What to work on>
Using the records below, output the stretch that opens with the line containing "HONDA NS-1 GEN 2 AC12" and closes with the line containing "Japan Married Woman", exactly and including both lines, with nothing more.

Task material>
------------

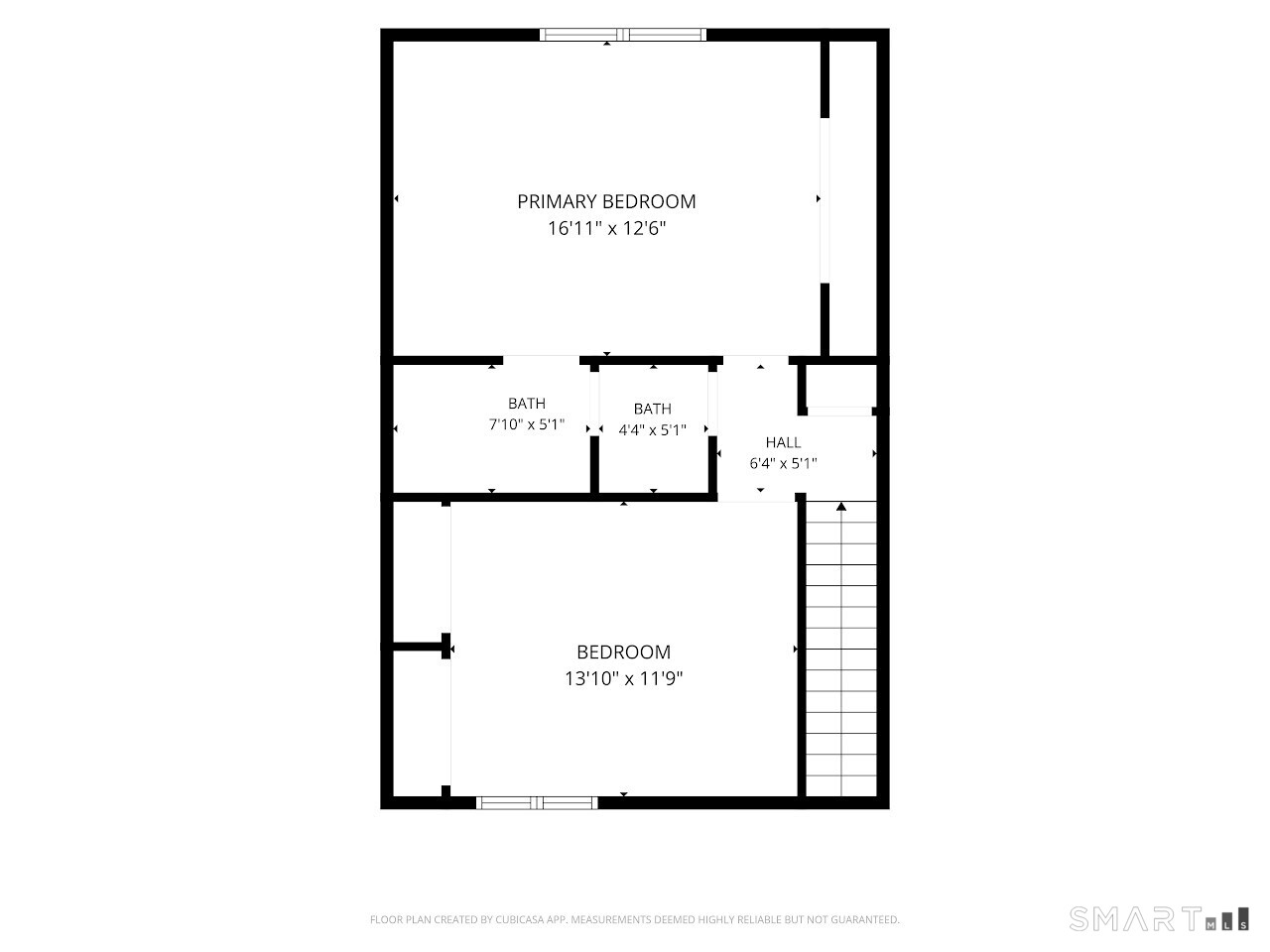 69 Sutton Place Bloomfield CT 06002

------------

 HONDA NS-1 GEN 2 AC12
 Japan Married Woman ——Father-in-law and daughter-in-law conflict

------------

Task output>
 HONDA NS-1 GEN 2 AC12
 Japan Married Woman ——Father-in-law and daughter-in-law conflict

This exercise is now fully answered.